-- Task objective --
What is needed is an exact repetition of the lines from the first one in the data through the line with "convex and a concave border.", with no pictures.

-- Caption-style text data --
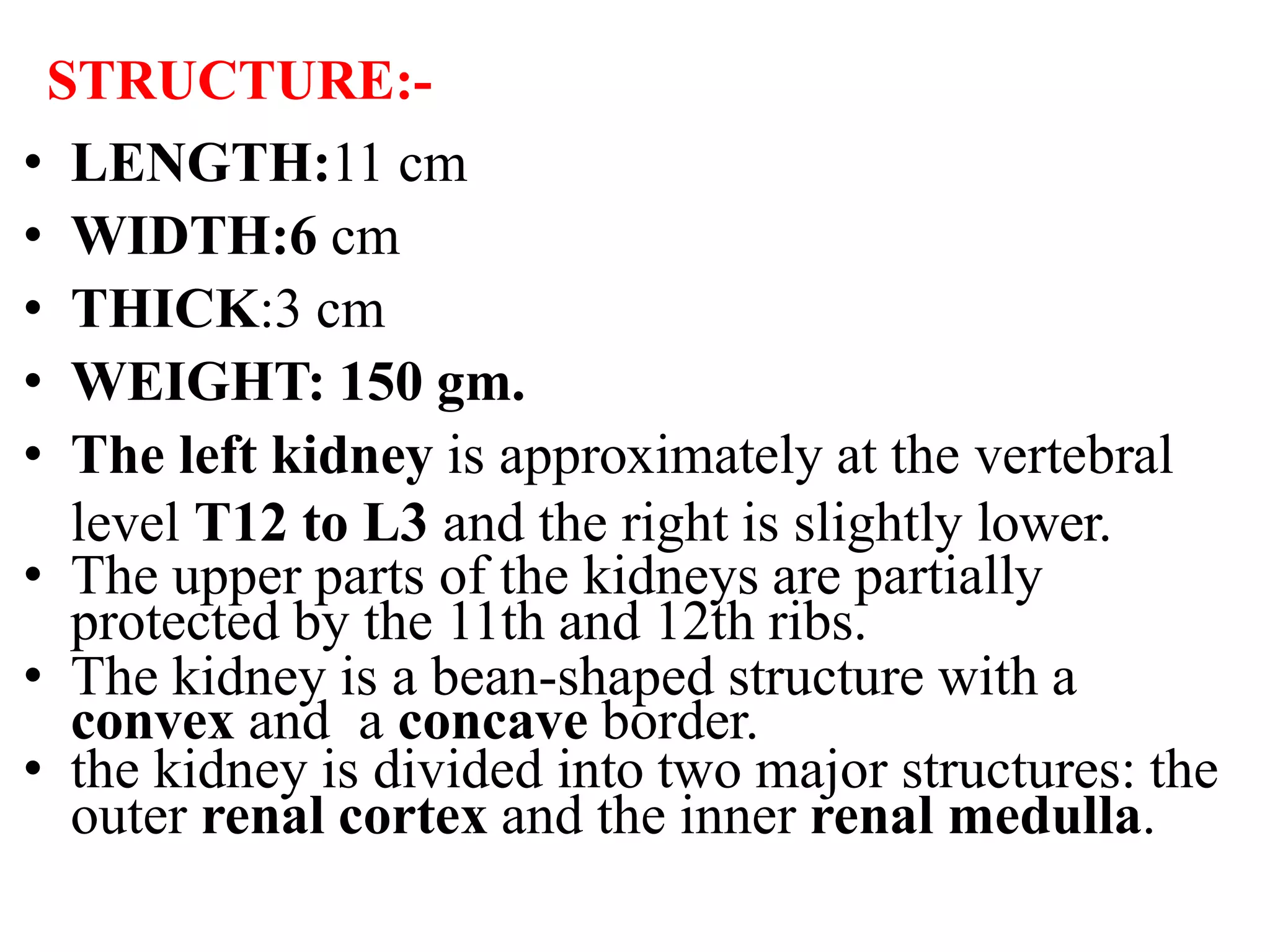 STRUCTURE:-
• LENGTH:11 cm
• WIDTH:6 cm
• THICK:3 cm
• WEIGHT: 150 gm.
• The left kidney is approximately at the vertebral
level T12 to L3 and the right is slightly lower.
• The upper parts of the kidneys are partially
protected by the 11th and 12th ribs.
• The kidney is a bean-shaped structure with a
convex and a concave border.
• the kidney is divided into two major structures: the
outer renal cortex and the inner renal medulla.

-- Solution for this problem --
 STRUCTURE:-
• LENGTH:11 cm
• WIDTH:6 cm
• THICK:3 cm
• WEIGHT: 150 gm.
• The left kidney is approximately at the vertebral
level T12 to L3 and the right is slightly lower.
• The upper parts of the kidneys are partially
protected by the 11th and 12th ribs.
• The kidney is a bean-shaped structure with a
convex and a concave border.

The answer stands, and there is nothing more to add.